La montée des tensions géopolitiques liées au programme nucléaire nord-coréen et les difficultés de l'administration américaine ont soulevé certaines inquiétudes au courant de l'été. À cela s'est ajoutée une saison des ouragans particulièrement violente. Malgré tout, l'économie mondiale envoie toujours des signaux encourageants, alors que les indices de confiance des ménages et des entreprises demeurent à des niveaux élevés et que la plupart des économies avancées continuent d'enregistrer une progression qui dépasse largement leur croissance potentielle. Malgré la meilleure tenue de l'économie mondiale, l'inflation reste généralement modérée, mais la diminution généralisée des capacités excédentaires laisse entrevoir une certaine accélération au cours des prochains trimestres.

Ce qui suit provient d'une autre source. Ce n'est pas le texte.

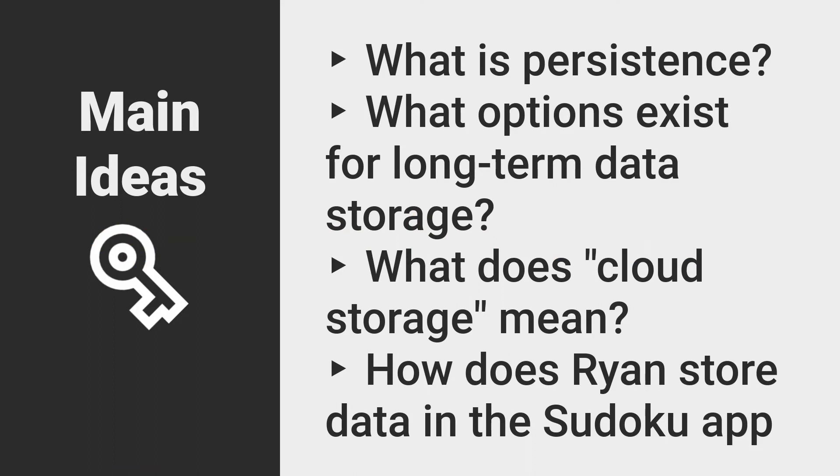Before we move on from the topic of modeling data, I wanted to talk about different options for long-term storage. A general term for this topic is persistence, which refers to persisting data longer than just the runtime of the application.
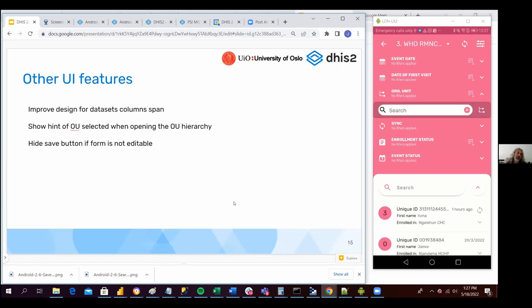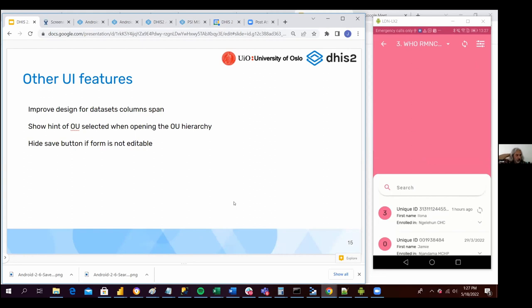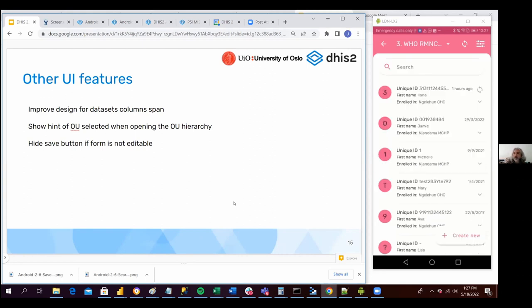Another feature is to hide the save button if the form is not editable. This is also new, so I'm not going to demo this, but keep in mind that you have a form for an event that has been completed, and the configuration in your server doesn't allow any edition when an event has already been completed.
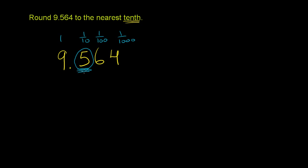And just like regular rounding, when we're not dealing with decimals, you move to one spot, or you look at one place to the right, or one place lower. And you say, is that 5 or larger? If it is, you round up. If it isn't, you round down.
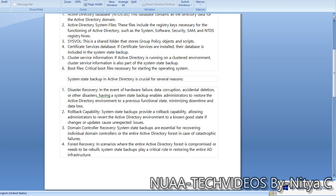System state backup in Active Directory is crucial for several reasons. First is disaster recovery: in the event of hardware failure, data corruption, accidental deletion, or other disasters, having a system state backup enables administrators to restore the Active Directory environment to a previous functional state, minimizing downtime and data loss. Second is rollback capability, allowing administrators to reverse the Active Directory environment to a known-good state if changes or updates cause unexpected issues.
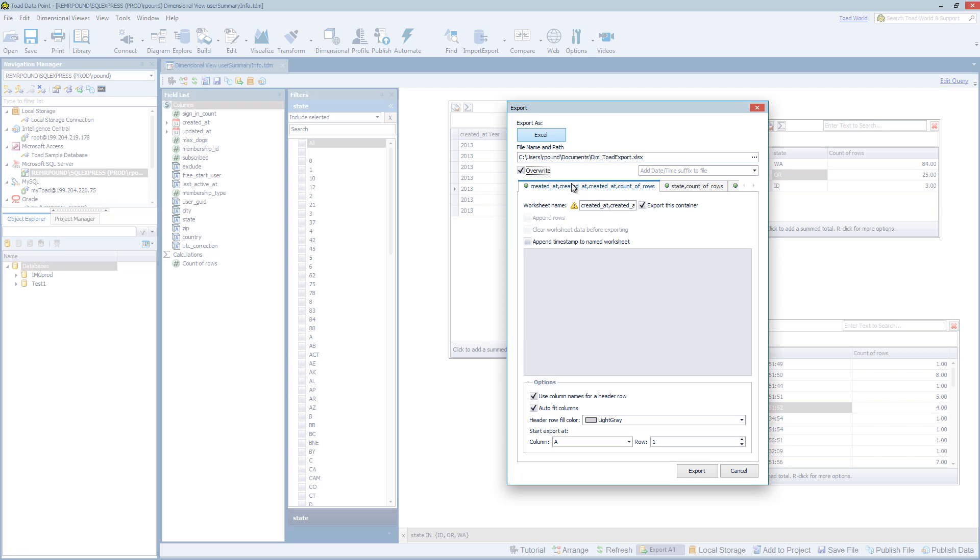So for each one of the tables in the Dimensional Viewer, you have a tab in Excel. And that's why it's only exporting to Excel if you want to export all the data.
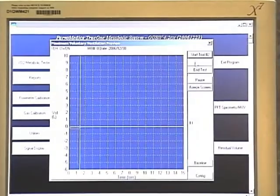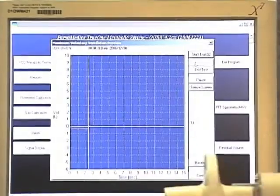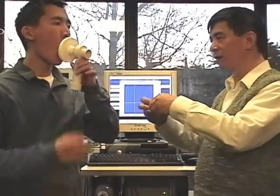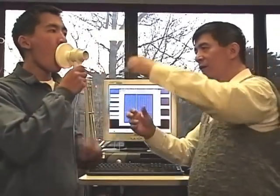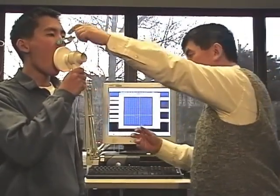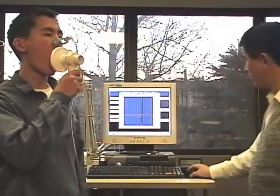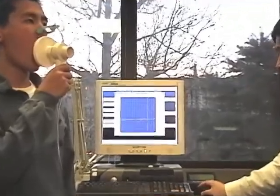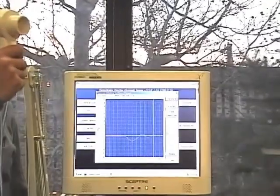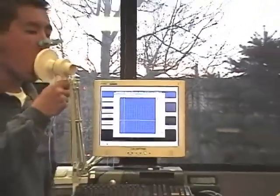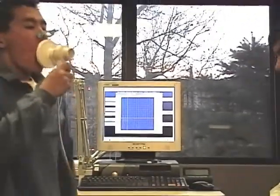Now we are ready to start the next MVV test. Ready? Go! Faster, deeper, faster, deeper, deeper, deeper.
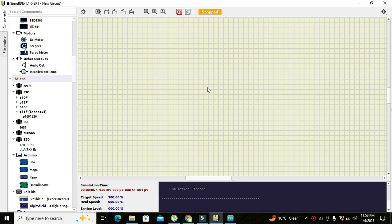Okay guys, it's me Imad. So today in this video tutorial we will learn about how to interface or how to use a servo motor with the Arduino in the Simulide platform.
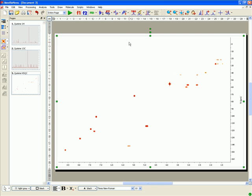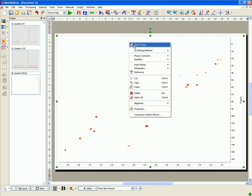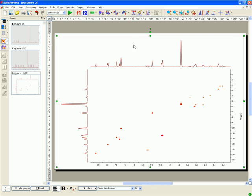You can show the traces of the 2D NMR spectrum just by right-clicking over the spectral window.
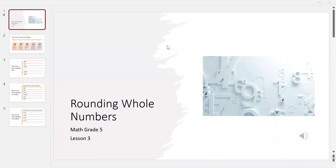Hi everyone. Today here is the third lesson for the grade 5 textbook Progress in Mathematics, Sadler-Oxford. At this lesson, we are going to talk about rounding whole numbers.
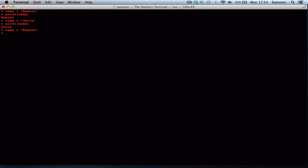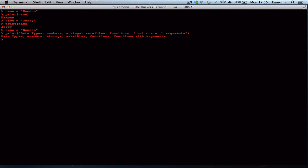That's all for this tutorial. We've learned about the print keyword, data types, numbers, strings, variables, functions, and functions with arguments. Whenever you put something in parentheses they're called arguments — they're extra pieces of information. Feel free to go back over the tutorial, and if you want me to elaborate on something I'll be more than happy to do it. Thank you for watching and I'll see you in my next video.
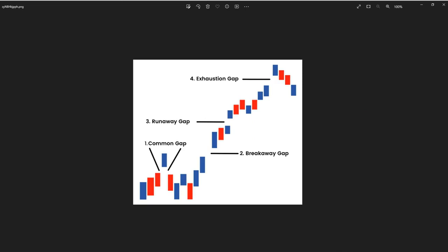Fade the gap: this strategy involves betting that the gap will be filled, meaning the price will move back to its pre-gap level. Traders may go long on a gap down or short on a gap up with the expectation that the price will revert. For example, if we've seen this gap over here, and if the traders were fading that gap, so the next day or next time frame the gap been filled, in that case the traders been in profit.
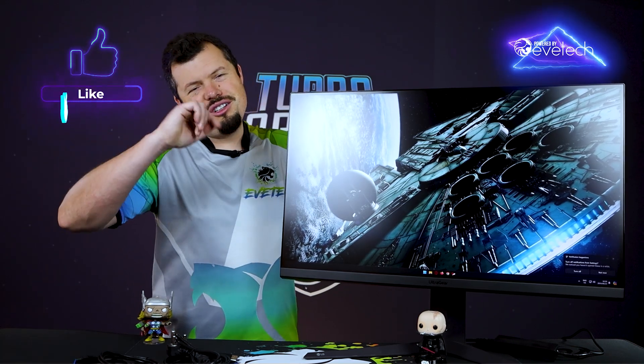Anywho, this is all I've got for you on the LG 32 GQ A50 dash B. If you have enjoyed this review, please do hit us up with a like and subscribe and I will see you on the flip side.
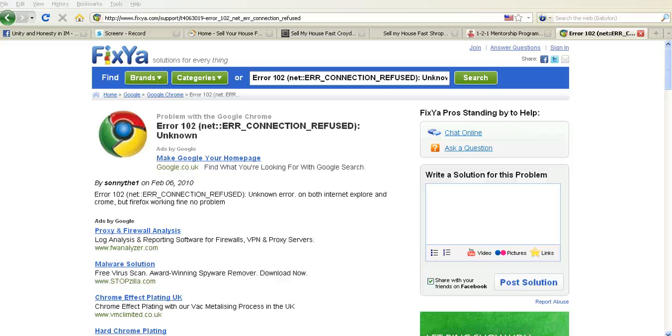So I just want to get my Chrome back. If anybody knows how to do that, then please let me know, it'd be great. Thanks very much.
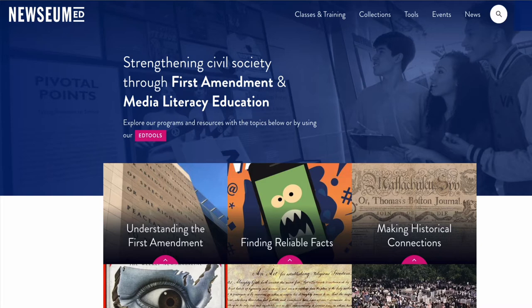The focus is on First Amendment rights and helping students develop critical thinking skills through thousands of lesson plans, videos, classes, digital artifacts, historical events, and critical debates. Newseum ED is a great way to build the critical thinking skills needed for our high school equivalency students.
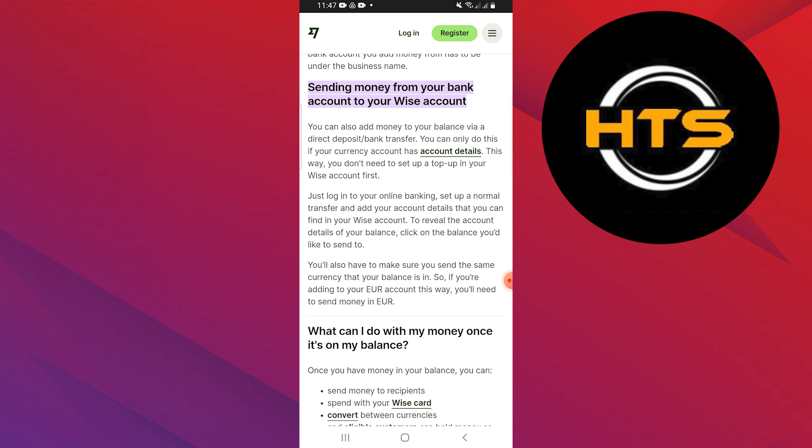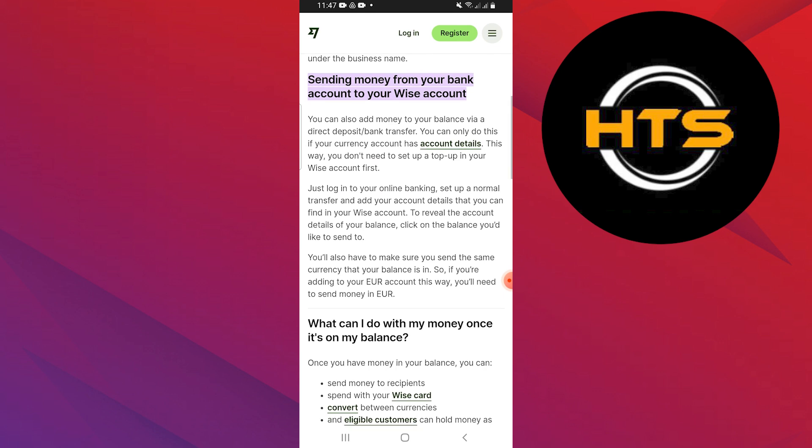Now, just log in to your online banking, set up a normal transfer, and add your account details that you can find in your WISE account.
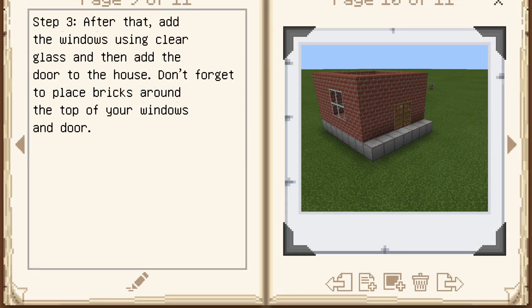Step 3: After that, add the windows using clear glass and then add the door to the house. Don't forget to place bricks around the top of your windows and door.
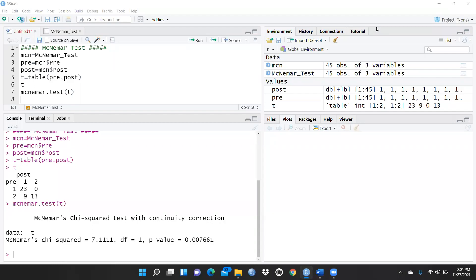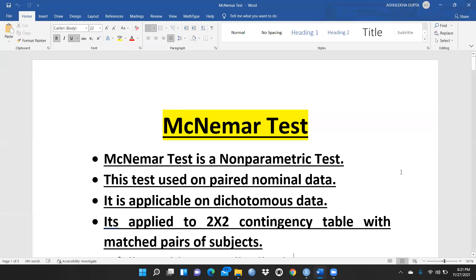Let's begin McNemar test. McNemar test is a non-parametric test used when we have categorical data that is dichotomous data. We do not have continuous data and our data is not normally distributed, so we are going to apply McNemar test. Data should be paired data — paired nominal data. This test is used on paired nominal data, and it is applicable on dichotomous data.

Les principaux pays avancés d'outre-mer ont affiché une bonne croissance économique au deuxième trimestre de 2017. Pour la première fois depuis l'hiver 2007, la zone euro a connu trois croissances trimestrielles successives de plus de 2 % et les indicateurs précurseurs laissent entrevoir le maintien d'un bon rythme de croissance. Le Japon a enregistré sa meilleure croissance du PIB en plus de deux ans, profitant d'une amélioration de toutes les composantes de la demande intérieure finale. Le Royaume-Uni continue cependant de décevoir alors que l'incertitude entourant la question du Brexit freine maintenant la croissance économique dans ce pays.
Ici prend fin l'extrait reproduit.